Exercise: Your answer must be an exact copy of the records, with no pictures included.

Material shown:
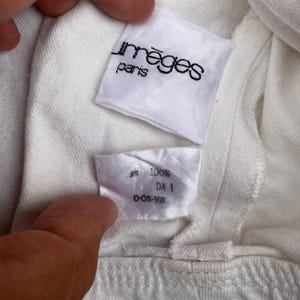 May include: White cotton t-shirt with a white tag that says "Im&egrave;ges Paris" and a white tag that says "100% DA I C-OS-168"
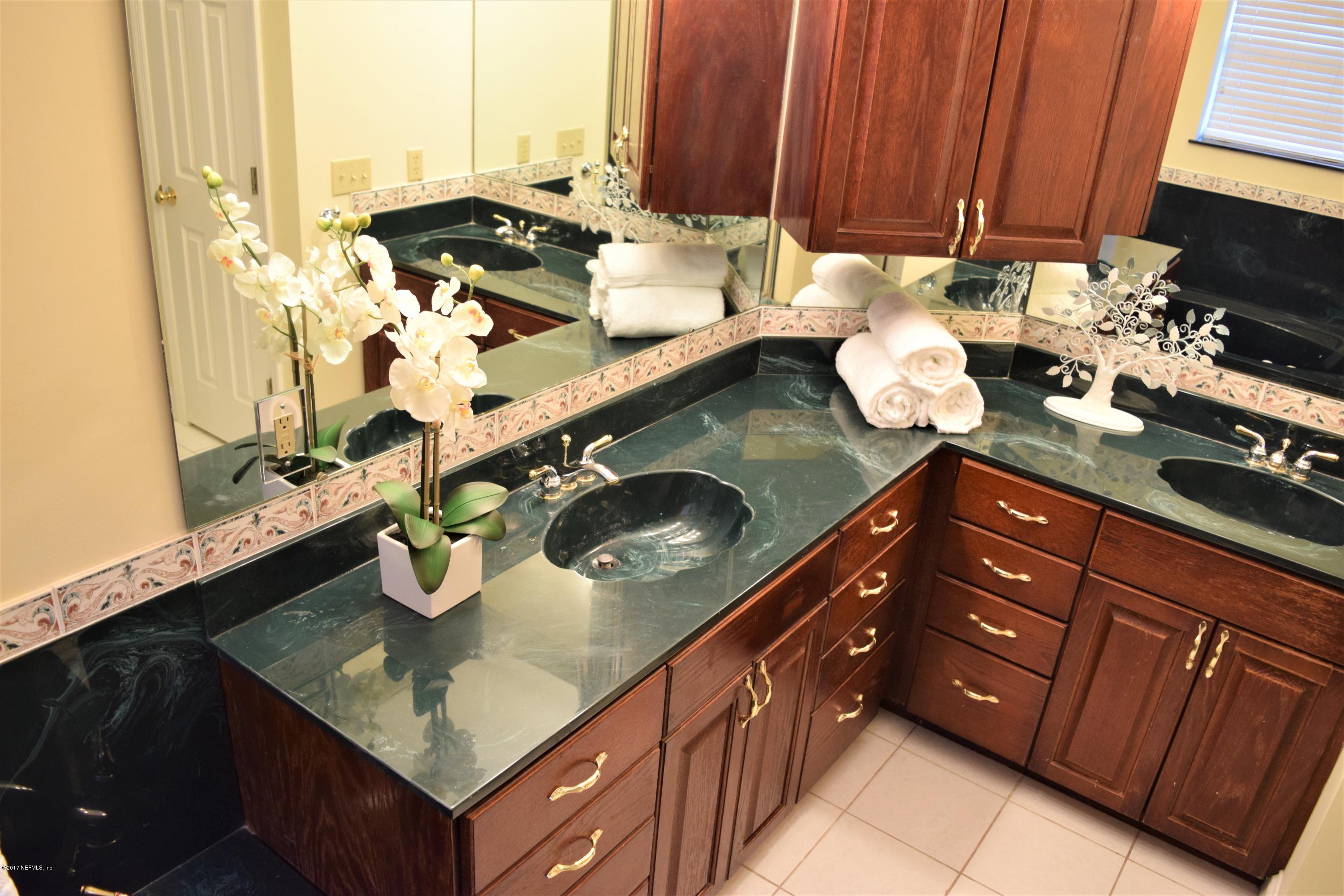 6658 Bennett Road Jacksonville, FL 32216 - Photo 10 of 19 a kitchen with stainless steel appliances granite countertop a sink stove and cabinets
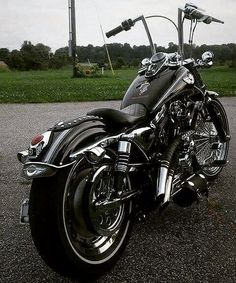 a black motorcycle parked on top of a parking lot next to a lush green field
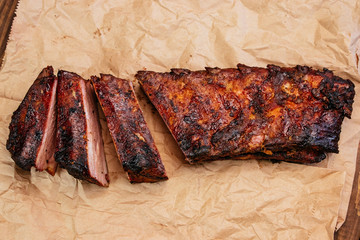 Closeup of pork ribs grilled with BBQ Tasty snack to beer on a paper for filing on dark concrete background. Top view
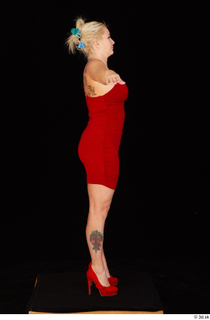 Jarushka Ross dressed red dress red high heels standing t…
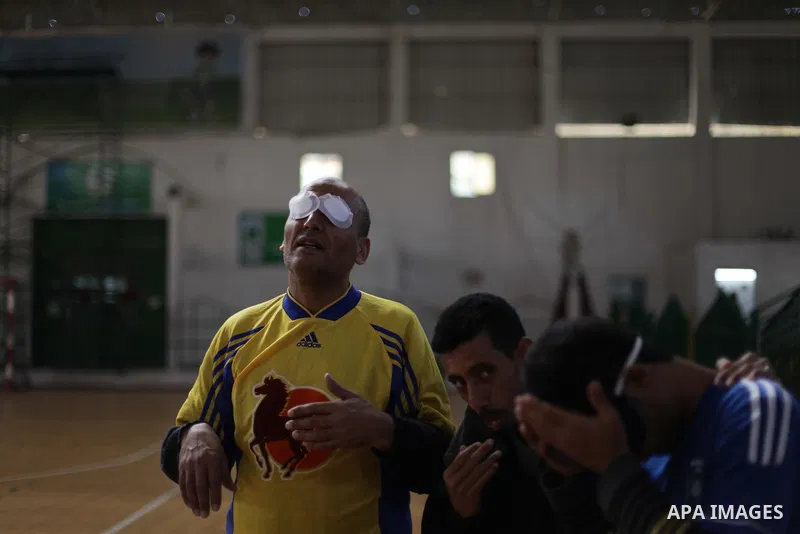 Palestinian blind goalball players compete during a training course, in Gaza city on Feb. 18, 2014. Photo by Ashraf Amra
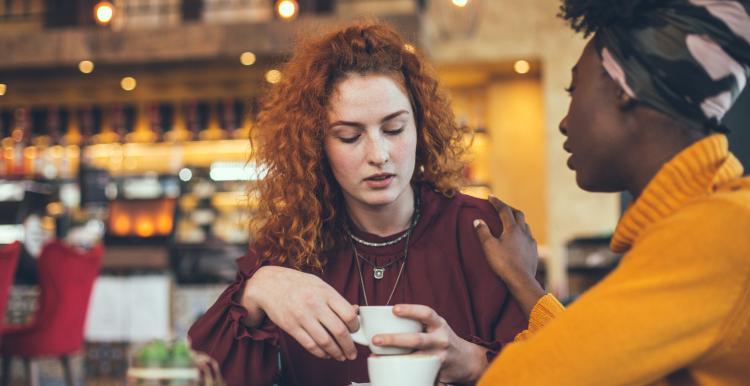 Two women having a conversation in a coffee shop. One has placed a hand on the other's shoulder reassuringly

Finished exercise:
 May include: White cotton t-shirt with a white tag that says "Im&egrave;ges Paris" and a white tag that says "100% DA I C-OS-168"
 6658 Bennett Road Jacksonville, FL 32216 - Photo 10 of 19 a kitchen with stainless steel appliances granite countertop a sink stove and cabinets
 a black motorcycle parked on top of a parking lot next to a lush green field
 Closeup of pork ribs grilled with BBQ Tasty snack to beer on a paper for filing on dark concrete background. Top view
 Jarushka Ross dressed red dress red high heels standing t…
 Palestinian blind goalball players compete during a training course, in Gaza city on Feb. 18, 2014. Photo by Ashraf Amra
 Two women having a conversation in a coffee shop. One has placed a hand on the other's shoulder reassuringly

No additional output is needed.